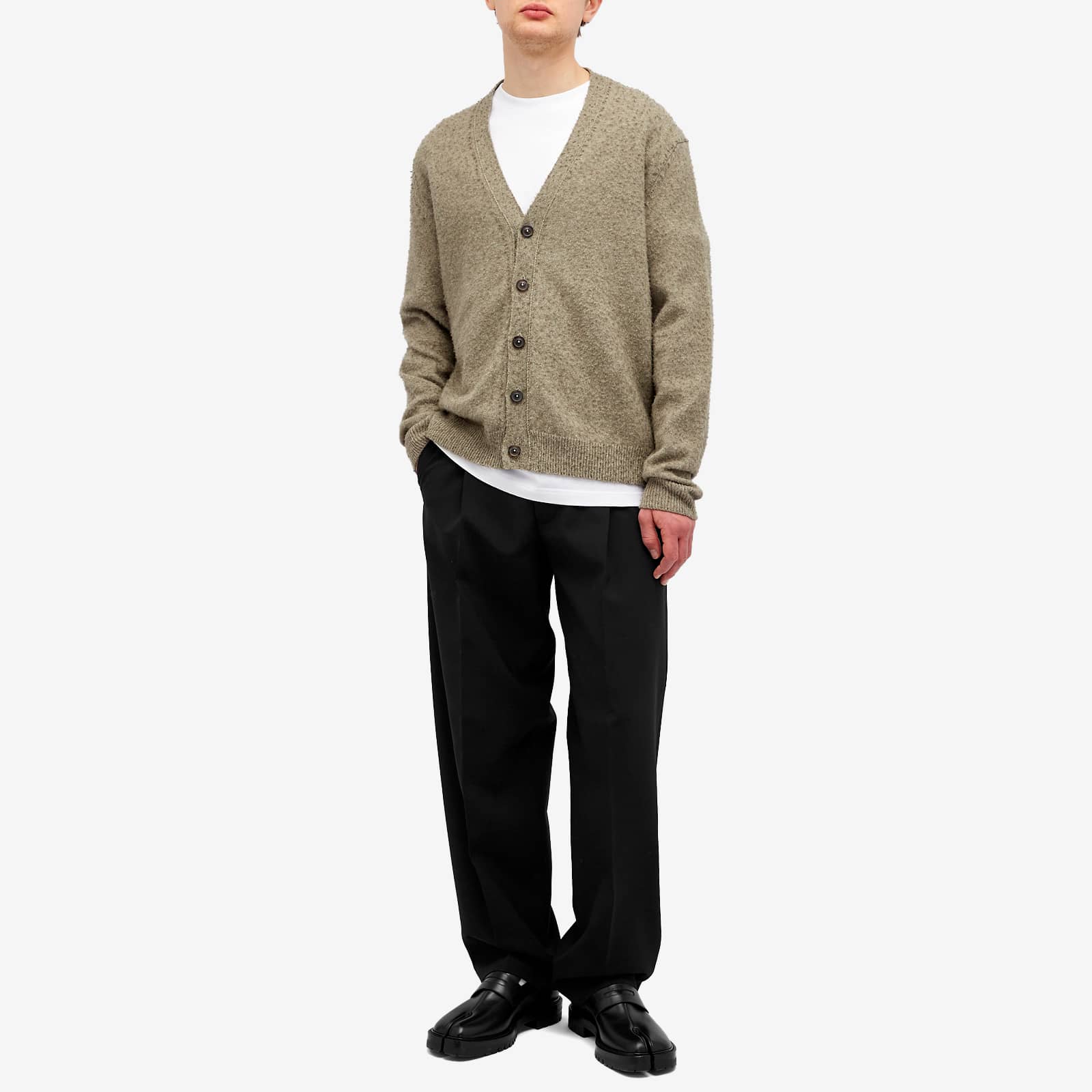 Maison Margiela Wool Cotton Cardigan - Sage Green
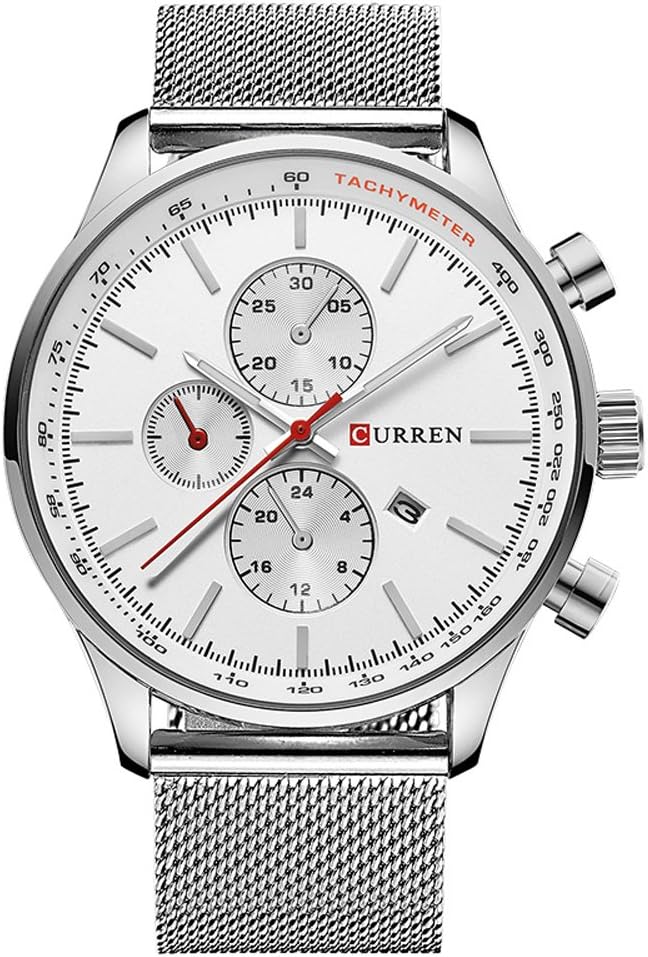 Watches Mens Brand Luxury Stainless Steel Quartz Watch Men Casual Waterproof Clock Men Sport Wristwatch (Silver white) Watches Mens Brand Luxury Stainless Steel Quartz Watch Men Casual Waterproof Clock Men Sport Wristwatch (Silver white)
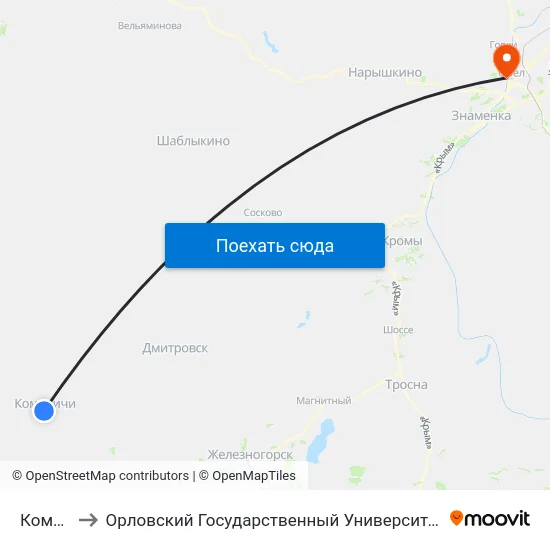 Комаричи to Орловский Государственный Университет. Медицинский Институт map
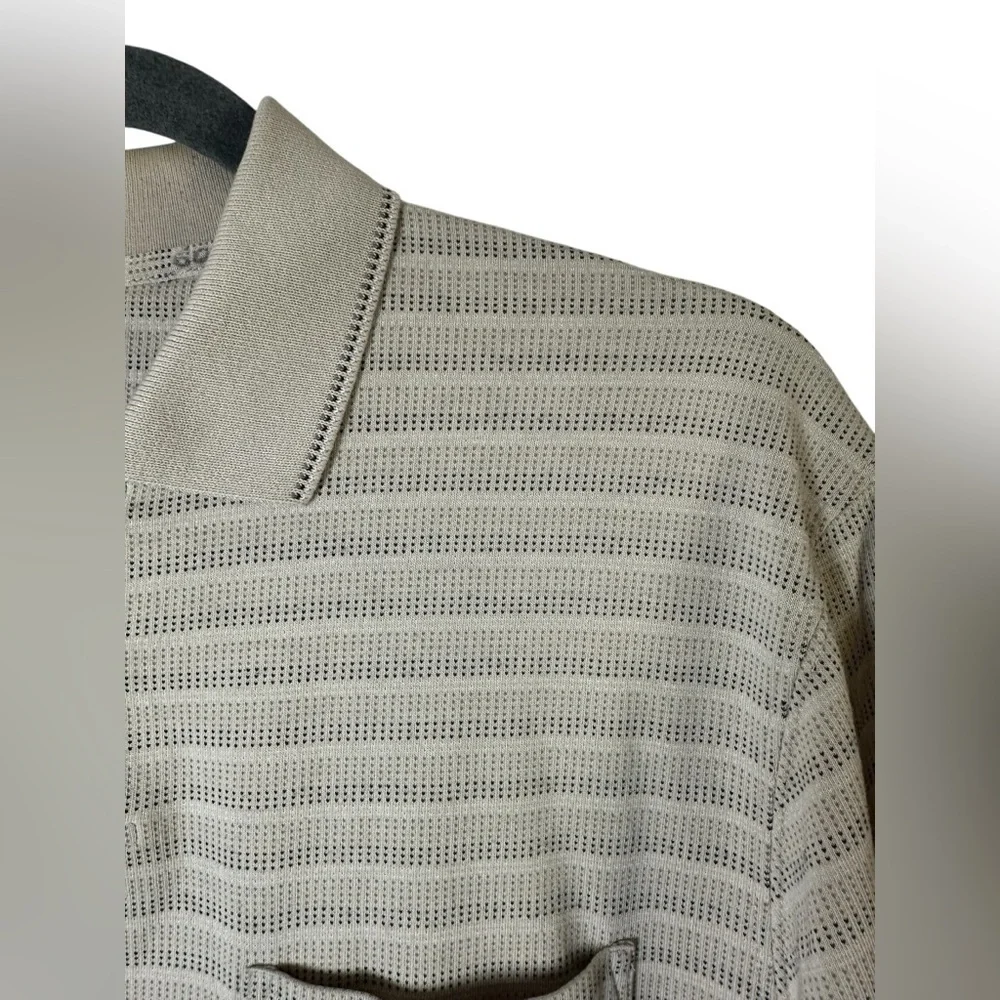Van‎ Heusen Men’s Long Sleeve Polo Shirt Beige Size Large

### Work instructions
Restate the full listing word for word, excluding images.

### Completed exercise
 Maison Margiela Wool Cotton Cardigan - Sage Green
 Watches Mens Brand Luxury Stainless Steel Quartz Watch Men Casual Waterproof Clock Men Sport Wristwatch (Silver white) Watches Mens Brand Luxury Stainless Steel Quartz Watch Men Casual Waterproof Clock Men Sport Wristwatch (Silver white)
 Комаричи to Орловский Государственный Университет. Медицинский Институт map
Van‎ Heusen Men’s Long Sleeve Polo Shirt Beige Size Large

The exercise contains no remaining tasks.